▶ [Task instructions]: Copy the complete listing that follows, letter for letter.

** Data for this exercise follows **

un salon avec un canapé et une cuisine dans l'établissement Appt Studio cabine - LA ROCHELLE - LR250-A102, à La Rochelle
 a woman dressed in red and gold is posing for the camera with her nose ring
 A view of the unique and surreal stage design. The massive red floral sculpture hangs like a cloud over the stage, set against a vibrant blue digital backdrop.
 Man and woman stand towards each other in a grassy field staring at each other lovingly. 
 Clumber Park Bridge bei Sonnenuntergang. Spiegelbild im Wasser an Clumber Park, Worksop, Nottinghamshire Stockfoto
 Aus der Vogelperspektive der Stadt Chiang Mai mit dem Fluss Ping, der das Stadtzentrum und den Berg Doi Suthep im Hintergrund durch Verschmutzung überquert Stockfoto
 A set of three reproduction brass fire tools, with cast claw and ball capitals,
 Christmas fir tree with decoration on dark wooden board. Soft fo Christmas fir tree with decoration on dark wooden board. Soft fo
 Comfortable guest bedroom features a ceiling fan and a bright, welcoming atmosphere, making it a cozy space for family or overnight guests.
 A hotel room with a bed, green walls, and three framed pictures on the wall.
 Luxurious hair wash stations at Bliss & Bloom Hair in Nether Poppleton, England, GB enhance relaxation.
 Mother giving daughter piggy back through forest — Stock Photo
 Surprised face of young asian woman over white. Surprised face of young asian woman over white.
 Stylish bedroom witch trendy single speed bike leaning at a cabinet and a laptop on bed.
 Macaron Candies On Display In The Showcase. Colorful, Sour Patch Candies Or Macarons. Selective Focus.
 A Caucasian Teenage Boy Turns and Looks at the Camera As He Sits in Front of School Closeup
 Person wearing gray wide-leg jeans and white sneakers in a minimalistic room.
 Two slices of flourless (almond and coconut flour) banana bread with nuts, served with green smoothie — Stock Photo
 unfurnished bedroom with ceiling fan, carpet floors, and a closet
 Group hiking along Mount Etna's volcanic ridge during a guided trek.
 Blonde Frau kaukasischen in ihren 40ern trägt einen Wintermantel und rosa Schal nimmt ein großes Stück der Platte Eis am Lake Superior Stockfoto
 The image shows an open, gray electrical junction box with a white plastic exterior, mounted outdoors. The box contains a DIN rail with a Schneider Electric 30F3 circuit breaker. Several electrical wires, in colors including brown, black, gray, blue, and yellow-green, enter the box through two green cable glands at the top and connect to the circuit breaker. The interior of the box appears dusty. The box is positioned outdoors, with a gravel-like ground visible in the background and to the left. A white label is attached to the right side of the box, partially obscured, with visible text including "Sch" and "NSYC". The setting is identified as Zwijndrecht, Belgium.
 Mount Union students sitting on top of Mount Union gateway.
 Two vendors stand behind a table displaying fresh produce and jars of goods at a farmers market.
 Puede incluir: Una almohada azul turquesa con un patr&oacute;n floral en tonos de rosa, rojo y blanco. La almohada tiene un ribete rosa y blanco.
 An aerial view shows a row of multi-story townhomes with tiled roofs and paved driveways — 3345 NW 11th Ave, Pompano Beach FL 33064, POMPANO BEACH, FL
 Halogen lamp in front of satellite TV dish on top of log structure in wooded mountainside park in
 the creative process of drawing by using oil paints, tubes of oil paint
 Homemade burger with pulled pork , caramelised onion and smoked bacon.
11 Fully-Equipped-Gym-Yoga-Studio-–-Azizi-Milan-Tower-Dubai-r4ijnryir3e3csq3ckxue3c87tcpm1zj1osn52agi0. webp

** End of Data for this exercise **

▶ [Written response]:
un salon avec un canapé et une cuisine dans l'établissement Appt Studio cabine - LA ROCHELLE - LR250-A102, à La Rochelle
 a woman dressed in red and gold is posing for the camera with her nose ring
 A view of the unique and surreal stage design. The massive red floral sculpture hangs like a cloud over the stage, set against a vibrant blue digital backdrop.
 Man and woman stand towards each other in a grassy field staring at each other lovingly. 
 Clumber Park Bridge bei Sonnenuntergang. Spiegelbild im Wasser an Clumber Park, Worksop, Nottinghamshire Stockfoto
 Aus der Vogelperspektive der Stadt Chiang Mai mit dem Fluss Ping, der das Stadtzentrum und den Berg Doi Suthep im Hintergrund durch Verschmutzung überquert Stockfoto
 A set of three reproduction brass fire tools, with cast claw and ball capitals,
 Christmas fir tree with decoration on dark wooden board. Soft fo Christmas fir tree with decoration on dark wooden board. Soft fo
 Comfortable guest bedroom features a ceiling fan and a bright, welcoming atmosphere, making it a cozy space for family or overnight guests.
 A hotel room with a bed, green walls, and three framed pictures on the wall.
 Luxurious hair wash stations at Bliss & Bloom Hair in Nether Poppleton, England, GB enhance relaxation.
 Mother giving daughter piggy back through forest — Stock Photo
 Surprised face of young asian woman over white. Surprised face of young asian woman over white.
 Stylish bedroom witch trendy single speed bike leaning at a cabinet and a laptop on bed.
 Macaron Candies On Display In The Showcase. Colorful, Sour Patch Candies Or Macarons. Selective Focus.
 A Caucasian Teenage Boy Turns and Looks at the Camera As He Sits in Front of School Closeup
 Person wearing gray wide-leg jeans and white sneakers in a minimalistic room.
 Two slices of flourless (almond and coconut flour) banana bread with nuts, served with green smoothie — Stock Photo
 unfurnished bedroom with ceiling fan, carpet floors, and a closet
 Group hiking along Mount Etna's volcanic ridge during a guided trek.
 Blonde Frau kaukasischen in ihren 40ern trägt einen Wintermantel und rosa Schal nimmt ein großes Stück der Platte Eis am Lake Superior Stockfoto
 The image shows an open, gray electrical junction box with a white plastic exterior, mounted outdoors. The box contains a DIN rail with a Schneider Electric 30F3 circuit breaker. Several electrical wires, in colors including brown, black, gray, blue, and yellow-green, enter the box through two green cable glands at the top and connect to the circuit breaker. The interior of the box appears dusty. The box is positioned outdoors, with a gravel-like ground visible in the background and to the left. A white label is attached to the right side of the box, partially obscured, with visible text including "Sch" and "NSYC". The setting is identified as Zwijndrecht, Belgium.
 Mount Union students sitting on top of Mount Union gateway.
 Two vendors stand behind a table displaying fresh produce and jars of goods at a farmers market.
 Puede incluir: Una almohada azul turquesa con un patr&oacute;n floral en tonos de rosa, rojo y blanco. La almohada tiene un ribete rosa y blanco.
 An aerial view shows a row of multi-story townhomes with tiled roofs and paved driveways — 3345 NW 11th Ave, Pompano Beach FL 33064, POMPANO BEACH, FL
 Halogen lamp in front of satellite TV dish on top of log structure in wooded mountainside park in
 the creative process of drawing by using oil paints, tubes of oil paint
 Homemade burger with pulled pork , caramelised onion and smoked bacon.
11 Fully-Equipped-Gym-Yoga-Studio-–-Azizi-Milan-Tower-Dubai-r4ijnryir3e3csq3ckxue3c87tcpm1zj1osn52agi0. webp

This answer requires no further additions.